Ne cherchez pas ici l'originalité. Je ne saurais d'ailleurs vous dire si The Chant en avait la prétention. Ce second essai est simplement à prendre comme une parenthèse dans votre existence et mise tout sur les émotions qu'il vous procurera, à coups de refrains entêtants, de mélodies assassines et d'atmosphères intimistes. On retrouve la même tristesse, le même mal-être que sur
"Ghostlines" mais exprimés avec plus de retenue, de pudeur, une maitrise de l'impact émotionnel qui va de paire avec une maitrise de leur style en général.
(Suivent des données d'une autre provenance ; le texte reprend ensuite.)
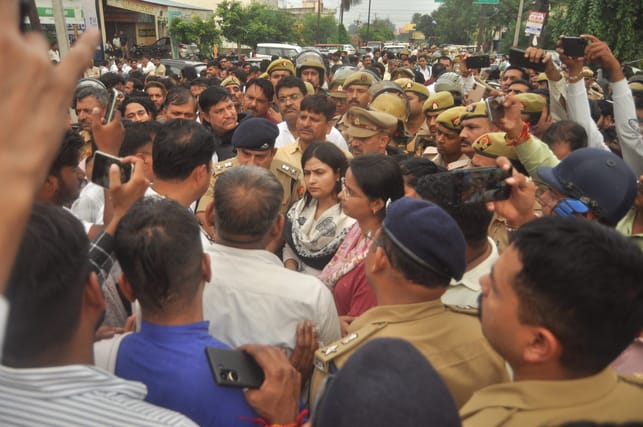 गांव बदनौली में हापुड़ मोदीनगर रोड पर सड़क पर बैठे लोग। संवाद गांव बदनौली में हापुड़ मोदीनगर रोड पर सड़क पर बैठे लोग। संवाद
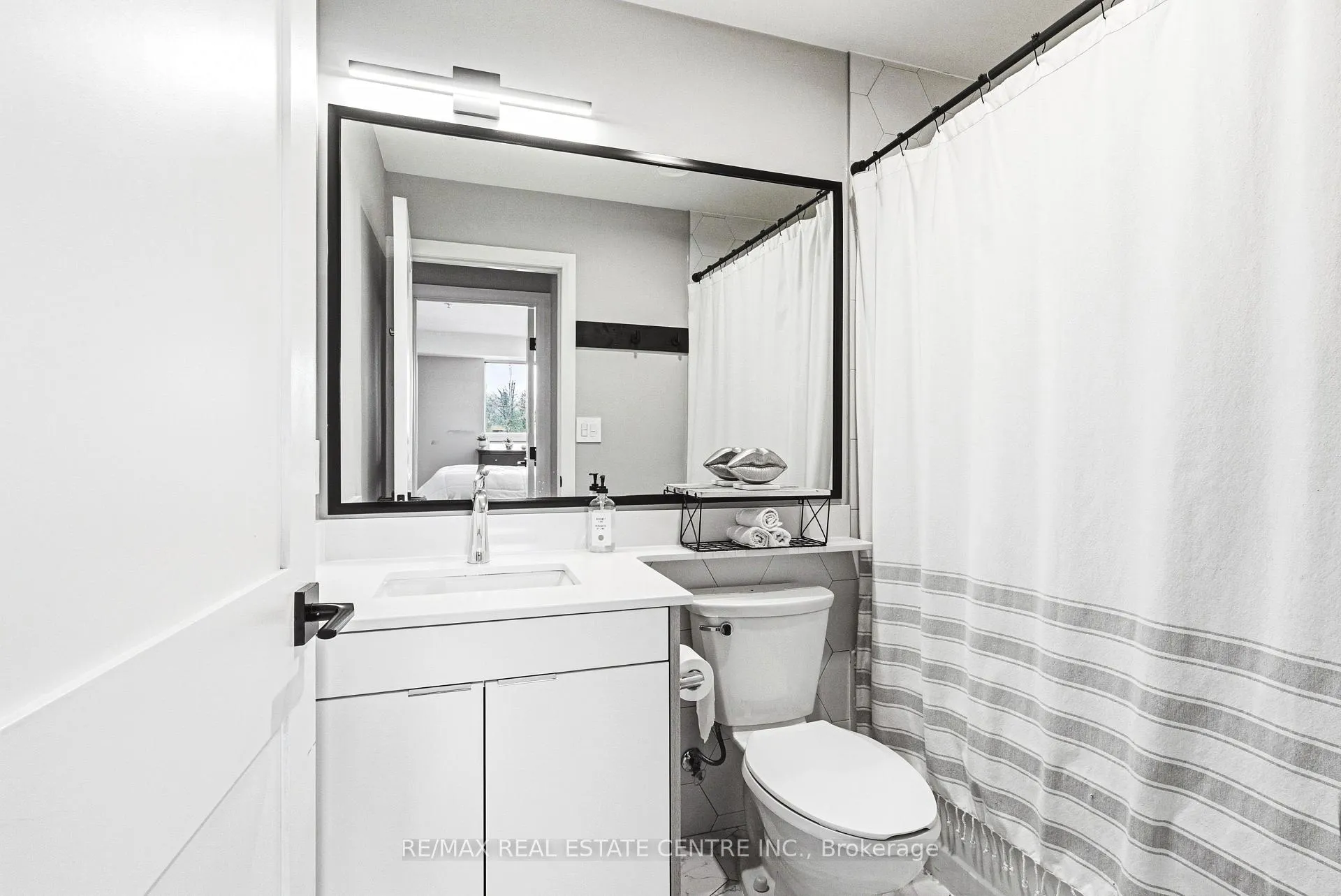 Photo 11 of Unit 111, 34 Norman Street, Brantford, Fairview/Greenbrier — HOMEH
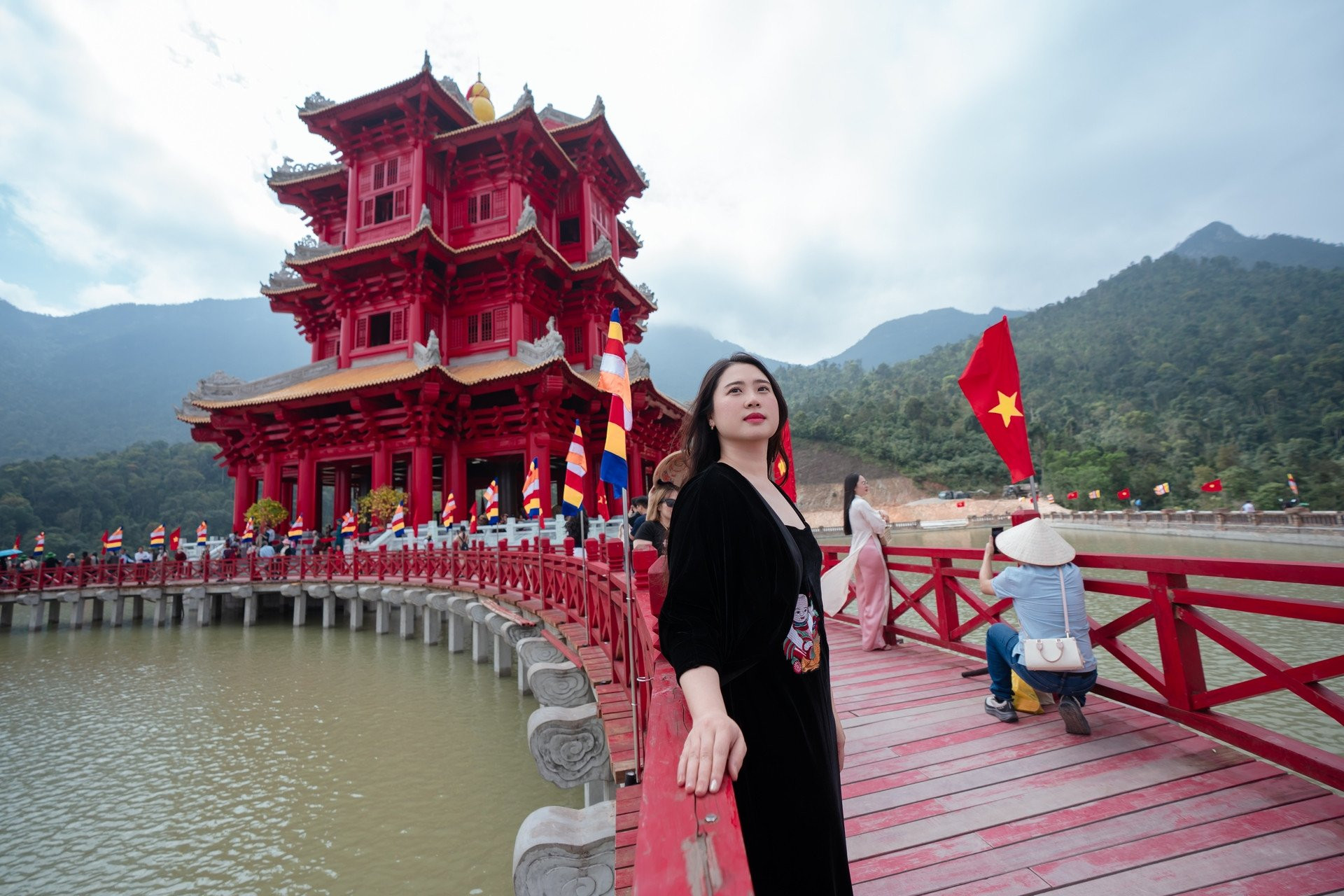 Các ngày cuối tuần, khu vực tòa tháp đều đông đúc du khách. Ảnh: Go To Bac Ninh
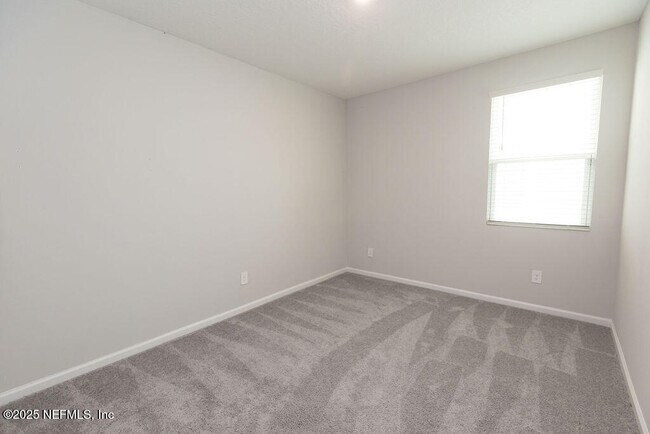 Building Photo - 14655 Macadamia Ln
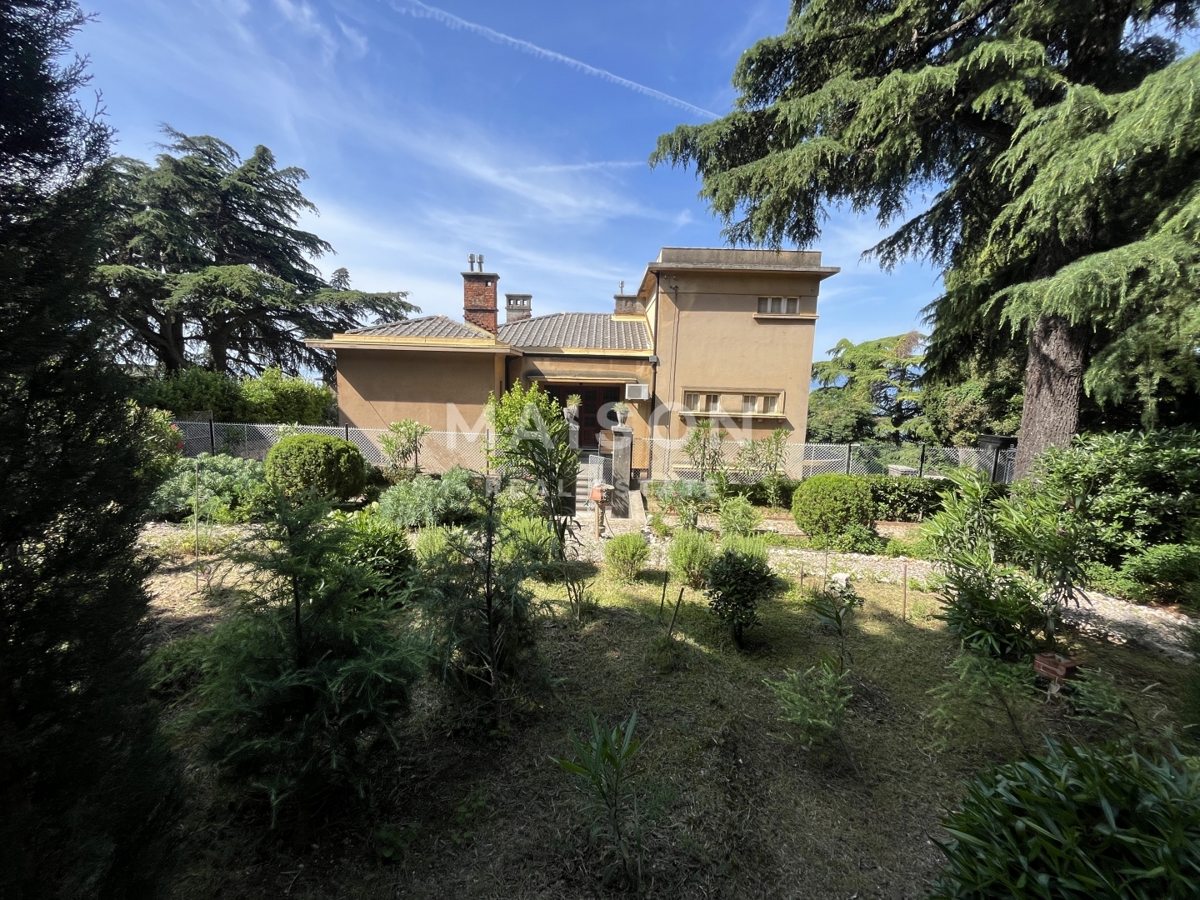 Villa Pećine, Rijeka, 465,78m2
Les quelques débordements que comptent l'album restent sous contrôle et observent ce recul que l'on ressent en permanence, comme si les Finlandais avaient enfermé toute leur rage dans une boîte ne laissant échapper que quelques bruits fugaces. "This Is The World We Know" revêt alors plusieurs visages, incitant à la rêverie ("Relativity", "November 1987", "New Reality"), à la réflexion ("The Black Ascension", "Reflected") ou à l'extériorisation ("Will You Follow?", "Safe World") ; quelque soit le propos, le groupe se montre irréprochable et nous balade sans cesse selon ses humeurs. Sans être mauvais, seul "Armored Man" m'a semblé en dessous du lot et en décalage avec le reste.
Avec un peu d'audace, "This Is The World We Know" aurait vraiment pu être excellent au lieu de n'être que très bon. Il faudra donc faire avec. Cela n'enlève rien à sa classe, à sa beauté et à son feeling, un album qui tourne sans accrocher et qui aurait mérité une distribution moins confidentielle. Ce n'est pas le seul me direz-vous.